Lots of people, a gathering crowd, came around Jesus.  “Wait a minute,” he says.  “Do you see what’s at stake?”  Here he is on a life and death journey, toward Jerusalem.  So he presses his followers, to help them sort it out, how deep is their trust?  What do they hold on to?   Finally we have to sort out our motivation.  What kind of follower am I?

Back in graduate school,  I was a follower of a certain kind, able to attend the best classes, to look good and do good.  But then you see there’s more to it, if you’re going to be a disciple, to confess all you don’t know, to look for a way to the goal even though it would involve setting aside your attachments to ease and image and to what everybody else is doing.

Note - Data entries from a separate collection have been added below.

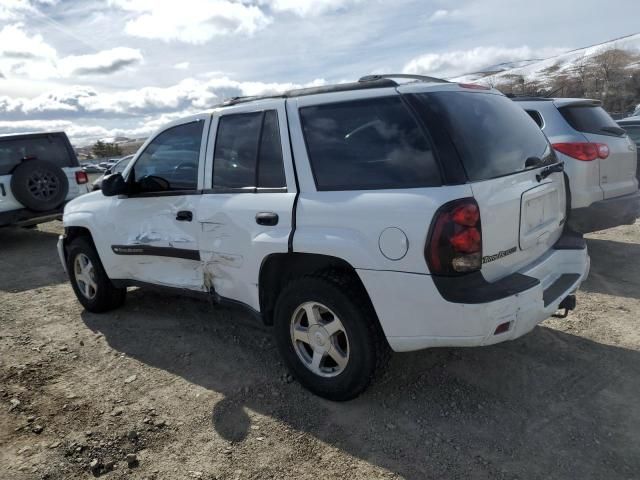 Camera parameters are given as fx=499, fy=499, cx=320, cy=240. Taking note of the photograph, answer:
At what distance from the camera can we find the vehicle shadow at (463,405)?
99.3 inches

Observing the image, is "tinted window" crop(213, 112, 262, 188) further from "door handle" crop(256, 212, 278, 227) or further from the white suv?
"door handle" crop(256, 212, 278, 227)

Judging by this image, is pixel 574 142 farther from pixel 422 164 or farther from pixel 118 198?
pixel 118 198

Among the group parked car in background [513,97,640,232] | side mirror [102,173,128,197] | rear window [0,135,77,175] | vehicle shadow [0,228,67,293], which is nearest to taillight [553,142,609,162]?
parked car in background [513,97,640,232]

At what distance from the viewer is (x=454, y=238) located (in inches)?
97.6

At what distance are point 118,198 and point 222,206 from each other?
1415mm

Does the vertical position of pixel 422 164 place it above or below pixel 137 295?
above

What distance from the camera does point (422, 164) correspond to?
103 inches

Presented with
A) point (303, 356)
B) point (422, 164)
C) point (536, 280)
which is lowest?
point (303, 356)

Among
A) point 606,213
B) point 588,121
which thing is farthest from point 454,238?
point 588,121

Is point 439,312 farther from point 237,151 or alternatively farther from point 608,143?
point 608,143

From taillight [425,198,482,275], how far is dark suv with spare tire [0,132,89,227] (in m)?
7.47

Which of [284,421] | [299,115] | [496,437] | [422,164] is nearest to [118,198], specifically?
[299,115]

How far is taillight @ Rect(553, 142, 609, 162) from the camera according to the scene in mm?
4996

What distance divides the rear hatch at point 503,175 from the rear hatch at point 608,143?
7.26 ft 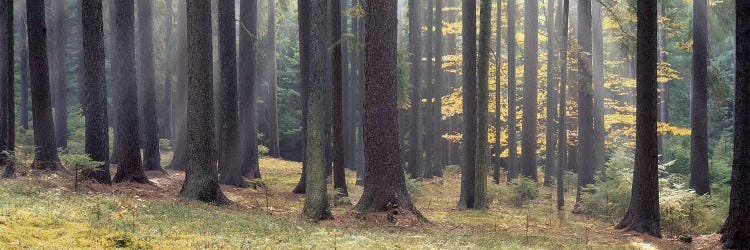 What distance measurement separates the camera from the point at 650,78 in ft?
45.9

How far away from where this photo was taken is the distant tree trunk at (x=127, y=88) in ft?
54.4

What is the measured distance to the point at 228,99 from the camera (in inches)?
761

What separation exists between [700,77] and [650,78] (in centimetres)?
712

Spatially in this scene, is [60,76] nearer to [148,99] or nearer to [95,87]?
[148,99]

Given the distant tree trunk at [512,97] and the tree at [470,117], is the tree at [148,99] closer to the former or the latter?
the tree at [470,117]

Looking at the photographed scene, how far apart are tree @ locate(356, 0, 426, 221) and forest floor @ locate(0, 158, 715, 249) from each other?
2.14ft

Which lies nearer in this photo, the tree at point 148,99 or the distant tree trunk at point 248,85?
the tree at point 148,99

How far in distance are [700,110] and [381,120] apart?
36.9 feet

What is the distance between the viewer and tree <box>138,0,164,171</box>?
21.6 meters

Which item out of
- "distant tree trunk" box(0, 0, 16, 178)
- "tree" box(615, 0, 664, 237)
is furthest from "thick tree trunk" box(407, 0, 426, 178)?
"distant tree trunk" box(0, 0, 16, 178)

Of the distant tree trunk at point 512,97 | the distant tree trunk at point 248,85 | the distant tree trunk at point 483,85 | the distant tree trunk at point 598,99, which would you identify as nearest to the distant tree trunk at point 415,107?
the distant tree trunk at point 512,97

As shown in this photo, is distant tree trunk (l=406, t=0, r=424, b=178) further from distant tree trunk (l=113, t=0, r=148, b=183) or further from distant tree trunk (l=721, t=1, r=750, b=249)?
distant tree trunk (l=721, t=1, r=750, b=249)

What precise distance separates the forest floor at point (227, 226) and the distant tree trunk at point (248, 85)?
164 inches

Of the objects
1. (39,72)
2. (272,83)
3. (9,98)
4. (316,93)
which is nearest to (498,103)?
(272,83) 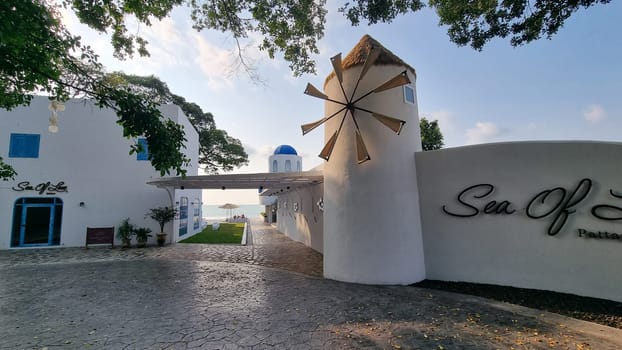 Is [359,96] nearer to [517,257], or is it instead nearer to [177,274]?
[517,257]

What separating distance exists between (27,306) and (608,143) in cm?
1137

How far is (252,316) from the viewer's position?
4.54 m

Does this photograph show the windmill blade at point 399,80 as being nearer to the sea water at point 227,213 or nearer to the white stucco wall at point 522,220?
the white stucco wall at point 522,220

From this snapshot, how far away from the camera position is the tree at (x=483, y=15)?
522 cm

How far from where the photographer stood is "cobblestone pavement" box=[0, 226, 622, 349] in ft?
12.2

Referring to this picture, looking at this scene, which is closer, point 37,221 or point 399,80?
point 399,80

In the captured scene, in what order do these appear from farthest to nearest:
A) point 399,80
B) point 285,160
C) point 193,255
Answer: point 285,160
point 193,255
point 399,80

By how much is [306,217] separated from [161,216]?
258 inches

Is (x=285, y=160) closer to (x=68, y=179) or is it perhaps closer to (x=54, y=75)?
(x=68, y=179)

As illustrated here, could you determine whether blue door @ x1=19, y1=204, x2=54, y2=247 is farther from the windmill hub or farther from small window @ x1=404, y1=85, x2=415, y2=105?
small window @ x1=404, y1=85, x2=415, y2=105

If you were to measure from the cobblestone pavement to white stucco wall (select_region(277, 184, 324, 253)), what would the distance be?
348 centimetres

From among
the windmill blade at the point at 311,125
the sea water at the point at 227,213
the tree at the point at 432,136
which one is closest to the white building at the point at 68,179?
the windmill blade at the point at 311,125

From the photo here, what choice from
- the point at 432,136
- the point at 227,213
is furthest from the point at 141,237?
the point at 227,213

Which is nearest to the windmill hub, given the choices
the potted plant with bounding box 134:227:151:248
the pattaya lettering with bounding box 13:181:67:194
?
the potted plant with bounding box 134:227:151:248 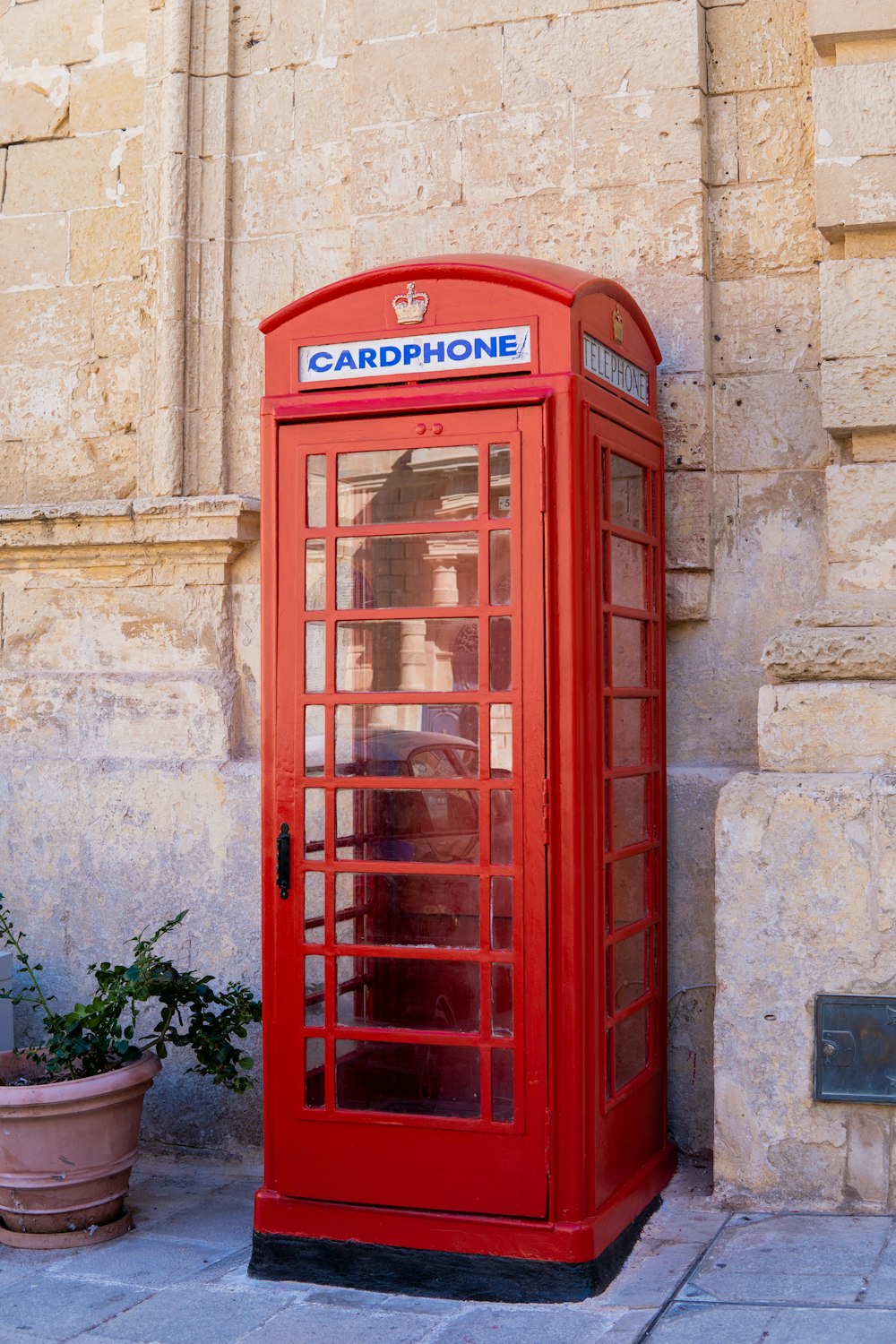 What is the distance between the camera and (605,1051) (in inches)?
158

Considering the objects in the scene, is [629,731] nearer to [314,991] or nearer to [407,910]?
[407,910]

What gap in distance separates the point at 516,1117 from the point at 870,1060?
40.2 inches

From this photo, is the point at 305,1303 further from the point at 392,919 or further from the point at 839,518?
the point at 839,518

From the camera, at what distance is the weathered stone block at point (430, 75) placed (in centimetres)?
504

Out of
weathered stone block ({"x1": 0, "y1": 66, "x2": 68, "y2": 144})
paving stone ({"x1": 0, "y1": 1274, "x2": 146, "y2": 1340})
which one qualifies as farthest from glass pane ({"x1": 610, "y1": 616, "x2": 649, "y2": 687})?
weathered stone block ({"x1": 0, "y1": 66, "x2": 68, "y2": 144})

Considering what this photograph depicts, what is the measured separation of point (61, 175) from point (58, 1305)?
4242mm

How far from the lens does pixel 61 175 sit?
19.0 feet

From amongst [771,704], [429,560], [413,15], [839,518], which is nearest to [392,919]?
[429,560]

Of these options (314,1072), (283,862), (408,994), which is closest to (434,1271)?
(314,1072)

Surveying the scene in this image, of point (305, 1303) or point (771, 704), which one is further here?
point (771, 704)

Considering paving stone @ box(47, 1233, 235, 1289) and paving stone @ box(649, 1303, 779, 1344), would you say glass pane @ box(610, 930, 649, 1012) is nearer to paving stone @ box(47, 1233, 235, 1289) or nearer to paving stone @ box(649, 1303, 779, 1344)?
paving stone @ box(649, 1303, 779, 1344)

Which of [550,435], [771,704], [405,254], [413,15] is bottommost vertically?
[771,704]

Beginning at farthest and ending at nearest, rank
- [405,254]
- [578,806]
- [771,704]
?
1. [405,254]
2. [771,704]
3. [578,806]

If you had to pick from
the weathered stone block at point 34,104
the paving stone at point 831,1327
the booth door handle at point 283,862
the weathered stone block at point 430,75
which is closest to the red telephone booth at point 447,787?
the booth door handle at point 283,862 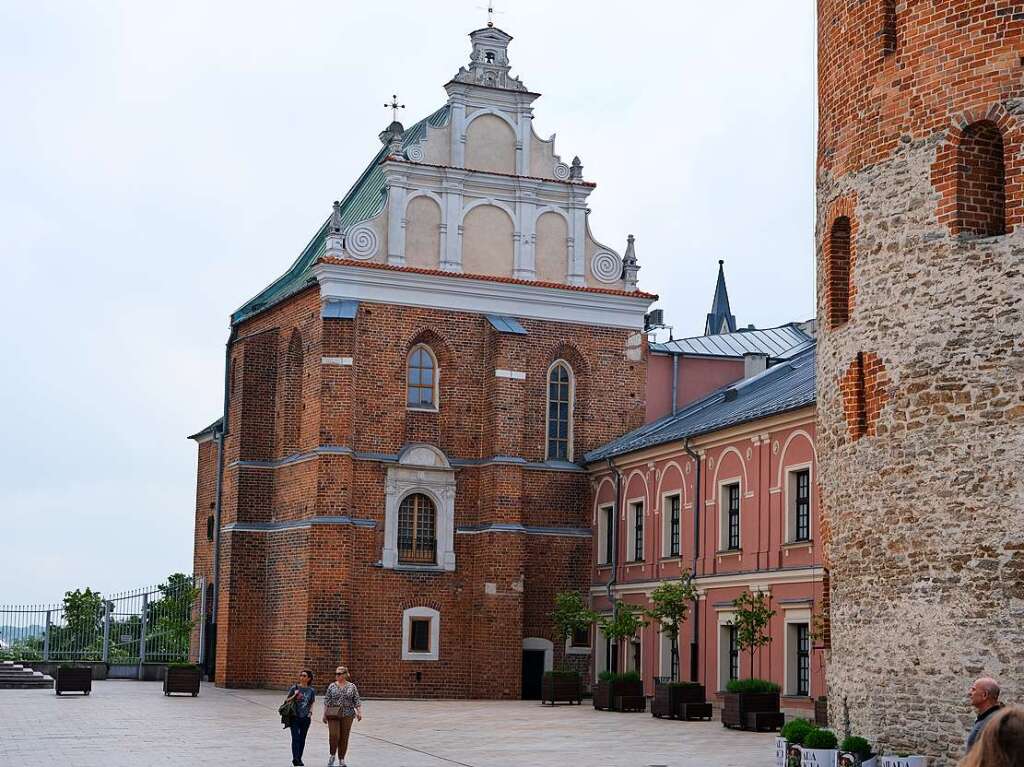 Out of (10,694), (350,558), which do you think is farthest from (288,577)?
(10,694)

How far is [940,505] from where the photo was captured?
723 inches

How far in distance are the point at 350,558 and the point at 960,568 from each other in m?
24.4

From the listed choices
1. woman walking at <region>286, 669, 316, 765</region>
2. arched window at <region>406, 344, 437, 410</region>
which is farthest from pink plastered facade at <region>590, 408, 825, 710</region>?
woman walking at <region>286, 669, 316, 765</region>

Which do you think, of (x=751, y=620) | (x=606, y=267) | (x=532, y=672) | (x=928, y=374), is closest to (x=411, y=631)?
(x=532, y=672)

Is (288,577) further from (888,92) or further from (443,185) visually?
(888,92)

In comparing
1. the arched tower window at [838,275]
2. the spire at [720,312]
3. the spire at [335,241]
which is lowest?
the arched tower window at [838,275]

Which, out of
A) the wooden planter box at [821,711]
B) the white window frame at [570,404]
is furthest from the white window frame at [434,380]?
the wooden planter box at [821,711]

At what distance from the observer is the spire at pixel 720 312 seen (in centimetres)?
9140

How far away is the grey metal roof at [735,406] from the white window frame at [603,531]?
1.33 meters

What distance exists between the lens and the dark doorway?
4181cm

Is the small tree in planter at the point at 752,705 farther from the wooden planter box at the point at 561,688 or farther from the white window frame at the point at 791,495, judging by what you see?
the wooden planter box at the point at 561,688

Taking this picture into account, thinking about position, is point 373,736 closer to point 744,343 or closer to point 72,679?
point 72,679

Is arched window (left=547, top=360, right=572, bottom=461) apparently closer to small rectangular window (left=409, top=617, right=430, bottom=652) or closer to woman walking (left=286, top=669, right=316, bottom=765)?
small rectangular window (left=409, top=617, right=430, bottom=652)

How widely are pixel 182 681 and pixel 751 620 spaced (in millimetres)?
13934
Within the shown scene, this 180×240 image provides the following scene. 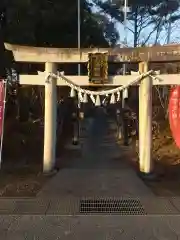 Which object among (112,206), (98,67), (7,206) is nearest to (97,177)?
(98,67)

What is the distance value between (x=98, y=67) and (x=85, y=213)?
4698 mm

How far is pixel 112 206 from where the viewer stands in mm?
8203

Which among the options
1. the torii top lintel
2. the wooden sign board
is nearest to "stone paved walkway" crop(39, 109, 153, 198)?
the wooden sign board

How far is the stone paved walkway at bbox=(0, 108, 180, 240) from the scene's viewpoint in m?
6.34

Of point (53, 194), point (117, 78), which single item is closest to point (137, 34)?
point (117, 78)

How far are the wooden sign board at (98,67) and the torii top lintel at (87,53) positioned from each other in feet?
0.43

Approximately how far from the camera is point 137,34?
42719 mm

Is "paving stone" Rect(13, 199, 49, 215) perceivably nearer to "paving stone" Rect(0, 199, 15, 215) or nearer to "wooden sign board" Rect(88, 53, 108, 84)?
"paving stone" Rect(0, 199, 15, 215)

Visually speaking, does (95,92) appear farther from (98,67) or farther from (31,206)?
(31,206)

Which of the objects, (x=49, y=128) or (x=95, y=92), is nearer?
(x=95, y=92)

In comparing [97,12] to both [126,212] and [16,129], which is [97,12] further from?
[126,212]

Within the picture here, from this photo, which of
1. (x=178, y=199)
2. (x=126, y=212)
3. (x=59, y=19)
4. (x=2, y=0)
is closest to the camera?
(x=126, y=212)

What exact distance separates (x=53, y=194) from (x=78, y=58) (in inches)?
153

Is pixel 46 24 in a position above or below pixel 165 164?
above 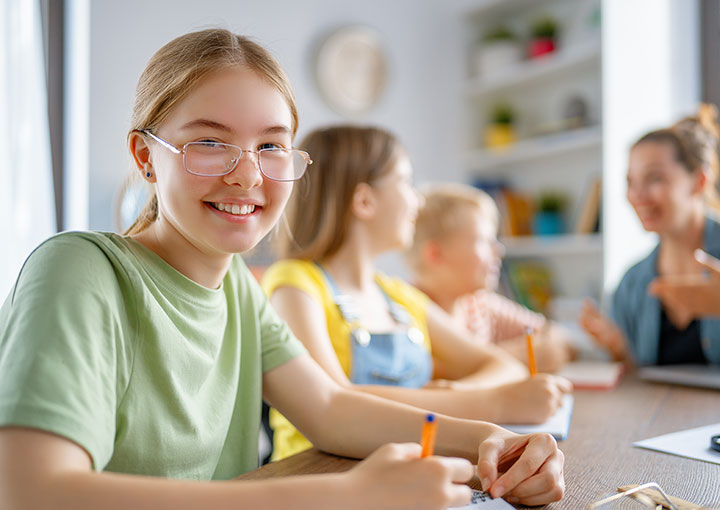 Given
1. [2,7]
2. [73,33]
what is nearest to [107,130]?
[73,33]

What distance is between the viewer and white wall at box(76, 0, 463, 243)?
2.33m

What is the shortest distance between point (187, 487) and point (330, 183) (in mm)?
978

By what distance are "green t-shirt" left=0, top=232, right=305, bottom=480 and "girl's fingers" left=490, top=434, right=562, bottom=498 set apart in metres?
0.37

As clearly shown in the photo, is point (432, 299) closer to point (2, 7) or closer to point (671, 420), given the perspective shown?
point (671, 420)

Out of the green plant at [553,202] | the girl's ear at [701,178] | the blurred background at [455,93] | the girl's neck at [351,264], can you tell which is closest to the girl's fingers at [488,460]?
the girl's neck at [351,264]

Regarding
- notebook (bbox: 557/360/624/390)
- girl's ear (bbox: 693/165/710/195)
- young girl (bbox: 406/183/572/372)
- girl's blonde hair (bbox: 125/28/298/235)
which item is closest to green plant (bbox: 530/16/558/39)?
Answer: young girl (bbox: 406/183/572/372)

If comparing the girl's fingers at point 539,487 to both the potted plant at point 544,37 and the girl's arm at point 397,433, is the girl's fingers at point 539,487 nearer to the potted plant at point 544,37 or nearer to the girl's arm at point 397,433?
the girl's arm at point 397,433

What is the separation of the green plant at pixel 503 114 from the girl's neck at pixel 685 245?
6.23ft

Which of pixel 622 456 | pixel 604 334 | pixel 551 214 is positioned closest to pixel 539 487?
pixel 622 456

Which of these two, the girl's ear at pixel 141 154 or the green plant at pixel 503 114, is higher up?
the green plant at pixel 503 114

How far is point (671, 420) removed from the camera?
1092 mm

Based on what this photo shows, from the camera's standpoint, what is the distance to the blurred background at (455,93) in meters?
2.25

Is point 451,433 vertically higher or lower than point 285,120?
lower

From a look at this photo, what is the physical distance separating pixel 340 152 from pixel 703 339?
1.09 metres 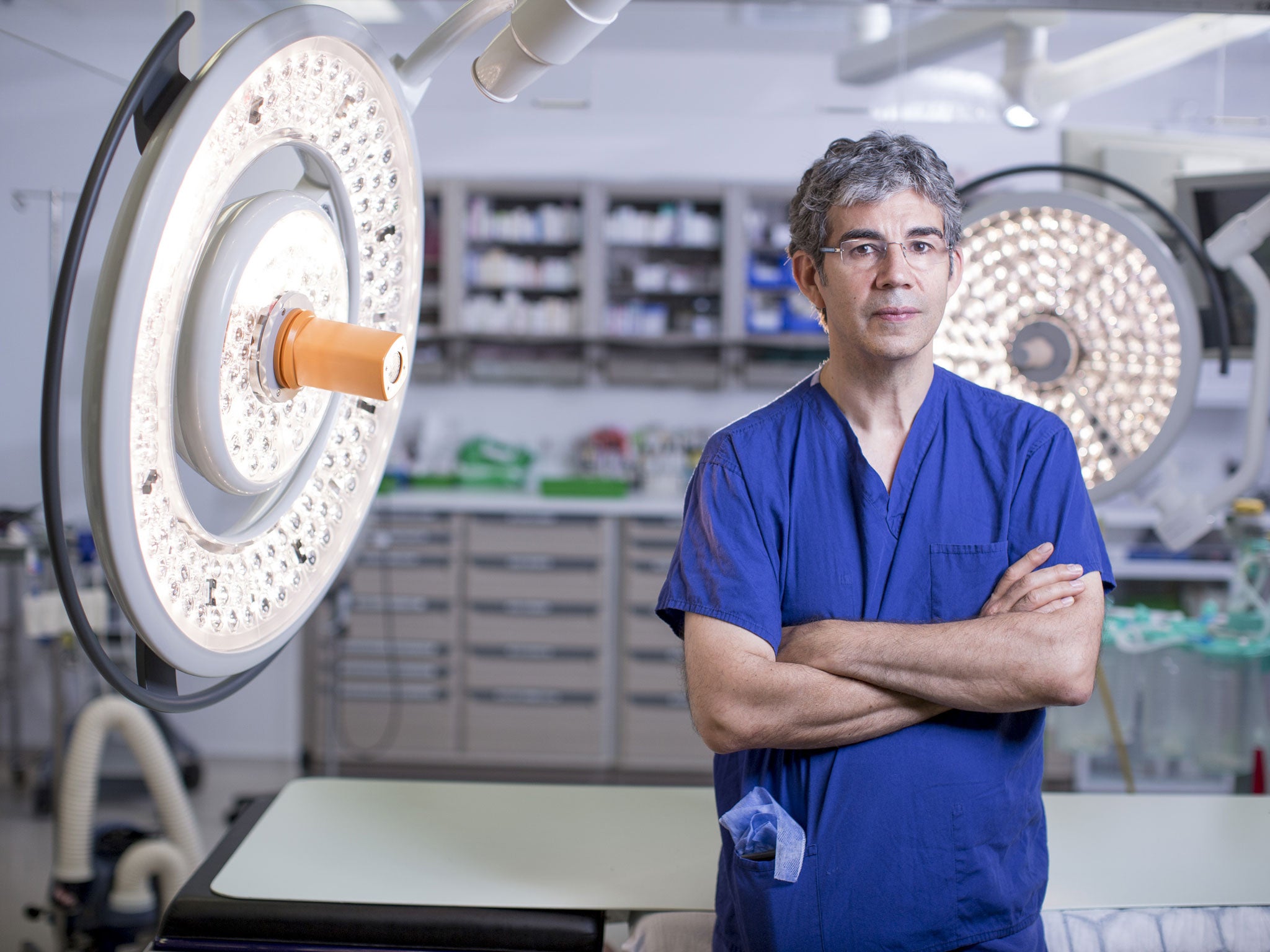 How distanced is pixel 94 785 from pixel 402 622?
1.57 m

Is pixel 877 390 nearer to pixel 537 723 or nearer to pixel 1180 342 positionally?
pixel 1180 342

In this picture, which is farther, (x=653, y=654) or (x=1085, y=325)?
(x=653, y=654)

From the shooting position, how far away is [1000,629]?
3.71ft

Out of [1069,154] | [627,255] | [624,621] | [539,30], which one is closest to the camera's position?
[539,30]

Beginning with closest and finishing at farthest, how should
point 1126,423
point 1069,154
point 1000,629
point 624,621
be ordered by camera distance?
point 1000,629, point 1126,423, point 1069,154, point 624,621

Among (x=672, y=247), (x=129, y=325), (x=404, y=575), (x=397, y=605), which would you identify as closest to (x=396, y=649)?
(x=397, y=605)

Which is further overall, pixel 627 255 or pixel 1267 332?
pixel 627 255

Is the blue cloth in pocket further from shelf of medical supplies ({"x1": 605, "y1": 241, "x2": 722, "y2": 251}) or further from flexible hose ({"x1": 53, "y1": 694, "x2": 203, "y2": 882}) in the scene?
shelf of medical supplies ({"x1": 605, "y1": 241, "x2": 722, "y2": 251})

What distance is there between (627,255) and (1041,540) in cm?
313

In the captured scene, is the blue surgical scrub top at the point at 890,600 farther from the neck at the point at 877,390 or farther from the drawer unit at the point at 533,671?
the drawer unit at the point at 533,671

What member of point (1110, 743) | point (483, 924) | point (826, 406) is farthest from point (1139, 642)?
point (483, 924)

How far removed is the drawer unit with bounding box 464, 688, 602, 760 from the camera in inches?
143

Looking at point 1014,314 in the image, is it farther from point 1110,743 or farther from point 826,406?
point 1110,743

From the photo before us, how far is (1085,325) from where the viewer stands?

I think that’s what Jesus is going for here, to help the casual follower sift through to the essentials and become a disciple.  It’s then no longer just being good, or getting along to satisfy expectations. There’s got to be something else.  It leads to this crucial prayer, looking as directly as we can toward the one we are starting to love.  “I’m not getting it.  I’m looking for more.  I’m looking for You.”  That’s where it is.  The rest falls away.  You step into a new relationship.  Now everything he says becomes more important, involving, more wild and challenging and true.  It’s time to step up.

—Fr. Richard Bollman, S.J., a Jesuit of the Chicago-Detroit province, has  been the long-time pastor at St. Robert Bellarmine Chapel of Xavier University, Cincinnati.  He now works with Xavier’s Center for Mission and Identity.